> **Task statement**
Once the line containing "9024 Woodford Drive, Charlestown, IN 47111" is found in the entries below, reproduce it and every line after it, stopping at and including the line containing "Villa ou maison"; reproduce nothing else, and keep each line exact.

[Start of Attachment]

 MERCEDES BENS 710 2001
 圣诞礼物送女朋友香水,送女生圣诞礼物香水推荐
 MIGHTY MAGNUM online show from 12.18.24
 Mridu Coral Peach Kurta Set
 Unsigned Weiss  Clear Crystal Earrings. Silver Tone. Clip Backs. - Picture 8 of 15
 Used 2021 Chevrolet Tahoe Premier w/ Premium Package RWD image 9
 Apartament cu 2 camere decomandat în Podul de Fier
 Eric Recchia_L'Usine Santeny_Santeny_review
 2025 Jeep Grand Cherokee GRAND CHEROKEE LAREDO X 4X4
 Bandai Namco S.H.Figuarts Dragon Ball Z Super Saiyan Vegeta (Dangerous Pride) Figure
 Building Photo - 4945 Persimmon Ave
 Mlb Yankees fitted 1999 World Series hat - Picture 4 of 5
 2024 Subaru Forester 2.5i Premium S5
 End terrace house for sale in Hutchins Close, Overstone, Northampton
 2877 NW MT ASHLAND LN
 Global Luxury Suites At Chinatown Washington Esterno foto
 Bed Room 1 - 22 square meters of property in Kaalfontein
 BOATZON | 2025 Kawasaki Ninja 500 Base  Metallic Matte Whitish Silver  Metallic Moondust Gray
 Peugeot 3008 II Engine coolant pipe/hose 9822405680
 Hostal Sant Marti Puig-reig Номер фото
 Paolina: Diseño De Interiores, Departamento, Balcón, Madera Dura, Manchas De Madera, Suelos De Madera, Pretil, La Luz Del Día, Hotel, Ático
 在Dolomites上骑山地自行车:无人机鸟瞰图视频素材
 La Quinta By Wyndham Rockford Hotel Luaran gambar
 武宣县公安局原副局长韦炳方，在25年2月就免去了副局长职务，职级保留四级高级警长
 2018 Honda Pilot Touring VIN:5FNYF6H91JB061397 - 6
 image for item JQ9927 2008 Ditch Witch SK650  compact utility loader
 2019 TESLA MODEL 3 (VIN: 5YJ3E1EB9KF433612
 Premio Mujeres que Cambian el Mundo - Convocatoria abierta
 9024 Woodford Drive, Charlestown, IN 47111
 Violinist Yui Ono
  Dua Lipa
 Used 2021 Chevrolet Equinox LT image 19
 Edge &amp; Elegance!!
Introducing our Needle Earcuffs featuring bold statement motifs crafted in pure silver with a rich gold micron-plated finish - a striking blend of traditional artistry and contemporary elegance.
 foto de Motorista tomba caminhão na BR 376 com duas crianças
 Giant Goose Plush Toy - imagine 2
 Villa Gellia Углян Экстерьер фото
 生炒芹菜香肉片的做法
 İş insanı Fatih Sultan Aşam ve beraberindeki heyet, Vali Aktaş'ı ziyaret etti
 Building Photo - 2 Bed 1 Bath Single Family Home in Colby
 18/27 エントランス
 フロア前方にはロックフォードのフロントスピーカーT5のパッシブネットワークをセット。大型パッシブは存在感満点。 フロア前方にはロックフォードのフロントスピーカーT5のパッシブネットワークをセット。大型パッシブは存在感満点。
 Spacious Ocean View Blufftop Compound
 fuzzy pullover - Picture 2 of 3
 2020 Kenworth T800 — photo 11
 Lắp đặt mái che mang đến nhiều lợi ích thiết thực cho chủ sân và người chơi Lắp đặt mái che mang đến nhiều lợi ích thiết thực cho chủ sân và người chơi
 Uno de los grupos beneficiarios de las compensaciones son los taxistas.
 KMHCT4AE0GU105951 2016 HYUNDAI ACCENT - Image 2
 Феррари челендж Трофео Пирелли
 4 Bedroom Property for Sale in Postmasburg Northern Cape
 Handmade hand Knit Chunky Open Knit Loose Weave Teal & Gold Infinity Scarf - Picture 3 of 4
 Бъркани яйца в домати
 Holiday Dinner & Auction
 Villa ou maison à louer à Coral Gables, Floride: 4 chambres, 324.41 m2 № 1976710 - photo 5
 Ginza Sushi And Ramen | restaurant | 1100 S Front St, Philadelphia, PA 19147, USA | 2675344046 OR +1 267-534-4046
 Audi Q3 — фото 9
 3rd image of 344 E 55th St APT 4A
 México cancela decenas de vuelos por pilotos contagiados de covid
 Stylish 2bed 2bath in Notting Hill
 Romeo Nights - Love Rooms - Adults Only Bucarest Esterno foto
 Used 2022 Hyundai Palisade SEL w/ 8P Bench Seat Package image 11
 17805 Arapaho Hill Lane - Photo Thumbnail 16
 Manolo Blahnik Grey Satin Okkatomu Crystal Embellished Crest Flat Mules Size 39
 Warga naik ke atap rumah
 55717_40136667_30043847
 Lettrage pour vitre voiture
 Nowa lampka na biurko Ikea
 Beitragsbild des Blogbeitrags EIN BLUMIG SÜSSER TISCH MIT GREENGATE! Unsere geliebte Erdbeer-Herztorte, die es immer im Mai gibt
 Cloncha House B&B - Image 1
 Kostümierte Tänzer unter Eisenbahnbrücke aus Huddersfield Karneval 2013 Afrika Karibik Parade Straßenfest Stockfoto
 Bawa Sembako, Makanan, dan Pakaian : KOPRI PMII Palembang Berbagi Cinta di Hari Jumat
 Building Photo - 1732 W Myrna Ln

[End of Attachment]

> **Solved problem**
 9024 Woodford Drive, Charlestown, IN 47111
 Violinist Yui Ono
  Dua Lipa
 Used 2021 Chevrolet Equinox LT image 19
 Edge &amp; Elegance!!
Introducing our Needle Earcuffs featuring bold statement motifs crafted in pure silver with a rich gold micron-plated finish - a striking blend of traditional artistry and contemporary elegance.
 foto de Motorista tomba caminhão na BR 376 com duas crianças
 Giant Goose Plush Toy - imagine 2
 Villa Gellia Углян Экстерьер фото
 生炒芹菜香肉片的做法
 İş insanı Fatih Sultan Aşam ve beraberindeki heyet, Vali Aktaş'ı ziyaret etti
 Building Photo - 2 Bed 1 Bath Single Family Home in Colby
 18/27 エントランス
 フロア前方にはロックフォードのフロントスピーカーT5のパッシブネットワークをセット。大型パッシブは存在感満点。 フロア前方にはロックフォードのフロントスピーカーT5のパッシブネットワークをセット。大型パッシブは存在感満点。
 Spacious Ocean View Blufftop Compound
 fuzzy pullover - Picture 2 of 3
 2020 Kenworth T800 — photo 11
 Lắp đặt mái che mang đến nhiều lợi ích thiết thực cho chủ sân và người chơi Lắp đặt mái che mang đến nhiều lợi ích thiết thực cho chủ sân và người chơi
 Uno de los grupos beneficiarios de las compensaciones son los taxistas.
 KMHCT4AE0GU105951 2016 HYUNDAI ACCENT - Image 2
 Феррари челендж Трофео Пирелли
 4 Bedroom Property for Sale in Postmasburg Northern Cape
 Handmade hand Knit Chunky Open Knit Loose Weave Teal & Gold Infinity Scarf - Picture 3 of 4
 Бъркани яйца в домати
 Holiday Dinner & Auction
 Villa ou maison à louer à Coral Gables, Floride: 4 chambres, 324.41 m2 № 1976710 - photo 5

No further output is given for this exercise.